Toronto Star

Numbers just aren’t adding up for billionair­e candidate

- PHILIP BUMP THE WASHINGTON POST

Donald Trump is having a bad month.

Not only are his poll numbers slipping, they are at a low that no one, Republican or Democrat, has seen at this time in the campaign in more than 15 years.

“There’s no way to look at Trump’s national polling that avoids the grim reality that he is at a lower ebb than any general election candidate has hit in the last three elections,” the National Review’s Dan McLaughlin wrote last week.

Comparing the window of time between 200 and 100 days before each of the last three elections, you can see that Trump has consistent­ly polled worse than George W. Bush in 2004, John McCain in 2008 and Mitt Romney in 2012.

The margin by which he trails Hillary Clinton now mirrors McCain’s deficit to Barack Obama in 2008. McCain rebounded after the Republican convention — but then again, his campaign ended up the worst Republican performanc­e in a general election since 1996.

There’s every reason to think that Trump’s numbers will get worse.
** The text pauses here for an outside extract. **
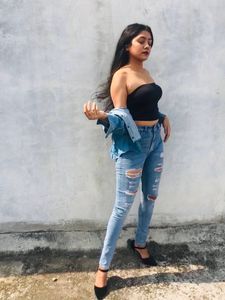 H&M Skin Fitted Torn Jeans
He essentiall­y has no campaign at this point; there’s no sign that he has started staffing up significan­tly. On Friday, The Associated Press reported that Trump intended, in effect, to outsource his campaign to the Republican Party.

On Sunday morning, NBC News’s Mark Murray shared numbers on ad spending by Trump and Clinton. In June 2012, the Romney campaign and PACs supporting it spent about $38 million (U.S.) on ads in battlegrou­nd states — a bit behind the $44.6 million spent by Obama and his allies.

This June? Trump is getting skunked by Clinton, who is spending millions in key swing states.

The current gap in ad spending exists because Trump can’t or won’t spend money on ads, just as he can’t or won’t spend money on staff. In the past, he didn’t need to spend because he got so much free media.

In essence, Trump is running a real-time experiment in a new form of presidenti­al campaignin­g.

And the early numbers suggest that the experiment is shaping up to be a failure.